- EXERCISE
Where the listing below has a line with "Music Stars Grey", write out exactly that line and every line after it, stopping after the line with "NEXT PASSPORT black".

- DATASET ENTRIES

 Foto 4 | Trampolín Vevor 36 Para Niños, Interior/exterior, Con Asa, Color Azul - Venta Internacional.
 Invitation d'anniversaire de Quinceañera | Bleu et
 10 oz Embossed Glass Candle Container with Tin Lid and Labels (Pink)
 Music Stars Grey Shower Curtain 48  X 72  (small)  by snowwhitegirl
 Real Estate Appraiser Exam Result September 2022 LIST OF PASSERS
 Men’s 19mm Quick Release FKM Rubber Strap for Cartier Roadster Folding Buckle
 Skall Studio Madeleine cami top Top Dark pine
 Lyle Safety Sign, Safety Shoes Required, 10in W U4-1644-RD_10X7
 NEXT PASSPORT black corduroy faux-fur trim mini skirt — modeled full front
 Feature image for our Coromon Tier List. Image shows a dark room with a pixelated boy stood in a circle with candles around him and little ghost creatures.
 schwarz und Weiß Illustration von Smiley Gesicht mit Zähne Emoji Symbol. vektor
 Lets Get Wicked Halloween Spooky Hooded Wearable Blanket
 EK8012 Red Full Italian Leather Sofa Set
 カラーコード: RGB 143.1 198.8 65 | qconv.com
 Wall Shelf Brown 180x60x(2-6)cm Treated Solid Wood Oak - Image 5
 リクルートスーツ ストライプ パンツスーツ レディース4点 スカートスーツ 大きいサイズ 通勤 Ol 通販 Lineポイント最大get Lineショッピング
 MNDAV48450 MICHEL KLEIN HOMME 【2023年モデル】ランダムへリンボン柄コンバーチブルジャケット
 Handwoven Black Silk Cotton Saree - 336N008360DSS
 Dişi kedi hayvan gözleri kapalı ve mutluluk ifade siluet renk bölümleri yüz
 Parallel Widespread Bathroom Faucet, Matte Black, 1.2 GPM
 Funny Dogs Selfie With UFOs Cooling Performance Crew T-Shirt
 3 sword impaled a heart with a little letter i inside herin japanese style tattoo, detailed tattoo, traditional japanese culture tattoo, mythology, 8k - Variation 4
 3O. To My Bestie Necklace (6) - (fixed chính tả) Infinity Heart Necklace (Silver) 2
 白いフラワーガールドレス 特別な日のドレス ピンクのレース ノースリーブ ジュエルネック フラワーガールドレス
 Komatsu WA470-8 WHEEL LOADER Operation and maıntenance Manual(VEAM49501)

- SOLUTION TO THIS EXERCISE
 Music Stars Grey Shower Curtain 48  X 72  (small)  by snowwhitegirl
 Real Estate Appraiser Exam Result September 2022 LIST OF PASSERS
 Men’s 19mm Quick Release FKM Rubber Strap for Cartier Roadster Folding Buckle
 Skall Studio Madeleine cami top Top Dark pine
 Lyle Safety Sign, Safety Shoes Required, 10in W U4-1644-RD_10X7
 NEXT PASSPORT black corduroy faux-fur trim mini skirt — modeled full front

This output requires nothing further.